Infants who weigh less than 3 pounds, 4.91 ounces should be cared for in a NICU. They have a higher likelihood of survival and better prognoses when they are born at hospitals with experienced, on-site NICUs. Leapfrog deems hospitals to meet standards for high-risk deliveries if they ensure that at least 80 percent of mothers receive antenatal steroids prior to delivery, which can reduce the incidence and severity of respiratory distress syndrome (RDS) in infants, as other well as other issues, including mortality; and either (1) deliver at least 50 “very low” birth weight babies each year or (2) maintain a lower than average morbidity/mortality rate for very low birth weight babies.
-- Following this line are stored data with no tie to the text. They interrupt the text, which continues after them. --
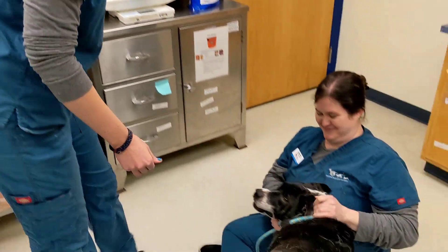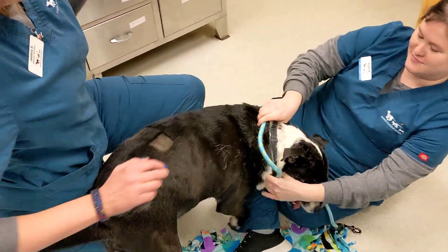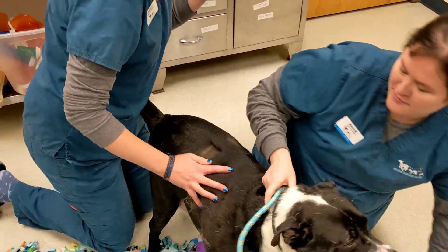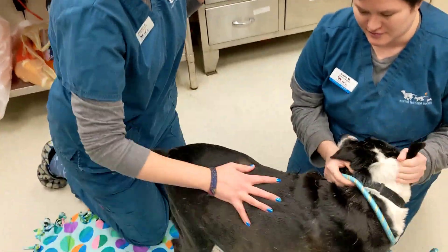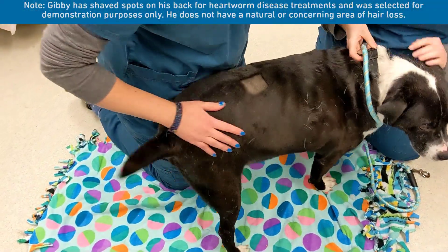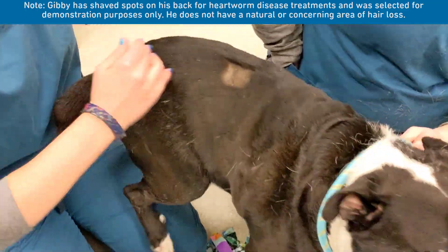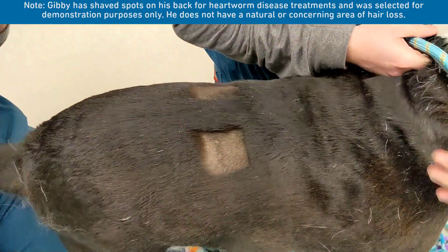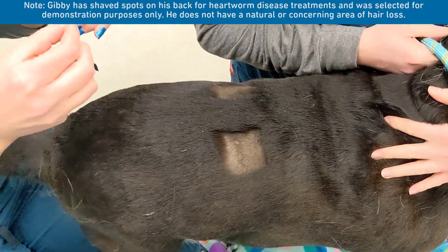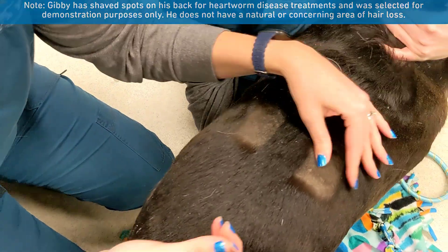This is our big dog friend, Gibby. An animal that needs a skin scrape is typically going to have an area of hair loss. Sometimes that hair loss may look kind of scaly or scabby. So where we're going to want to scrape on an animal is right on the edge of the hair loss where the new hair is growing.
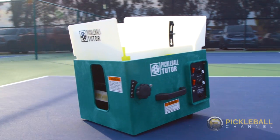Hi, it's Rusty from Pickleball Channel. I'm excited to be here with pro Scott Moore with our new show Skills and Drills. Scott, what are we showing them? Today we're going to show you a drill using a ball machine to help you improve your third shot drop. So let's check it out.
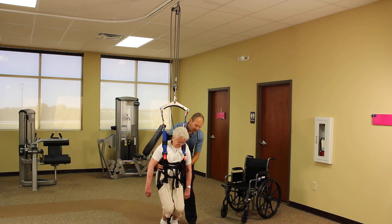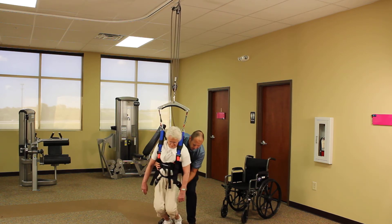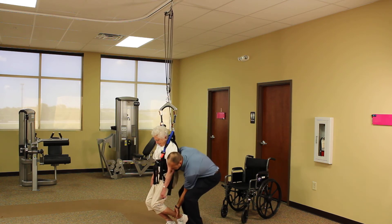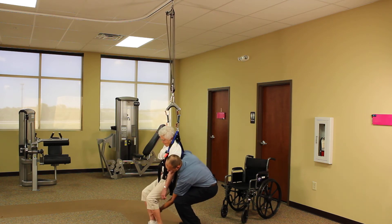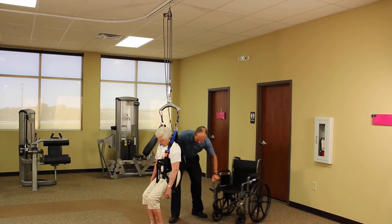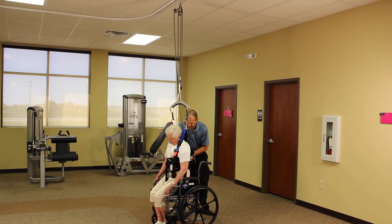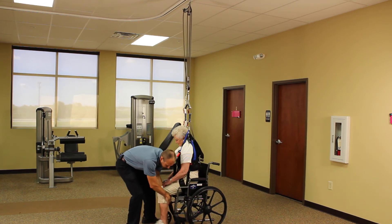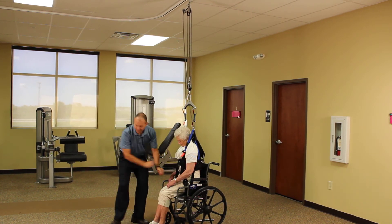Another thing you can do if you find yourself by yourself is we're going to turn the patient so they're perpendicular to the rail. The rail is running this way. I'm going to move the legs out here in front and we're going to bring the chair up underneath the patient. You can move those legs a little farther out like that so they'll force them to go backwards.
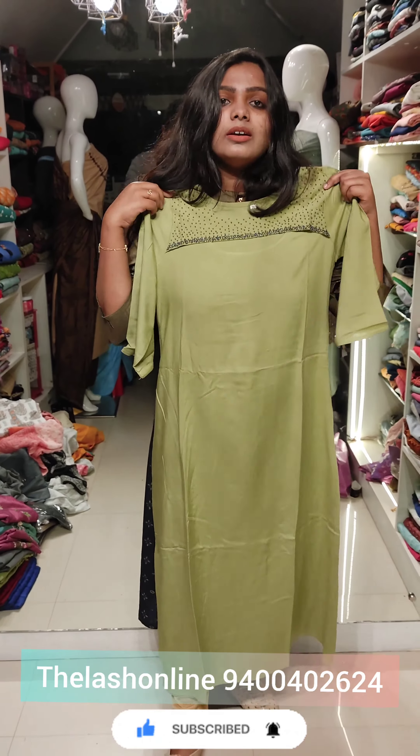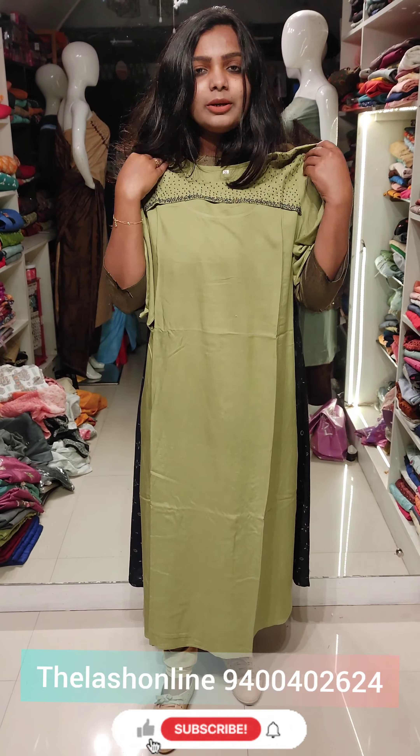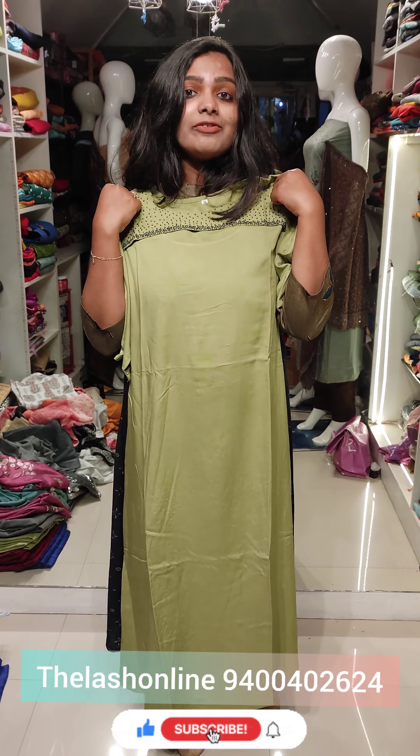This is a very important part of our daily use and functions. This is 7.95 rupees.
In 2014, 24.4 percent of reporting hospitals met this standard, which is only an increase of 0.4 percent since 2013, although some hospitals are making “substantial progress.” Hospitals in 24 states reported on this standard. Strikingly, no hospitals in Georgia, Missouri, or South Carolina met Leapfrog’s high-risk delivery standard; only 4 percent of hospitals reporting from New York met the standard.
While the survey results reflect improvement, there is clearly room for improvement. In addition, variations among suggest that standards are not being consistently achieved across hospitals. Leapfrog will continue to assess hospitals’ compliance with its maternity standards and report again in 2016.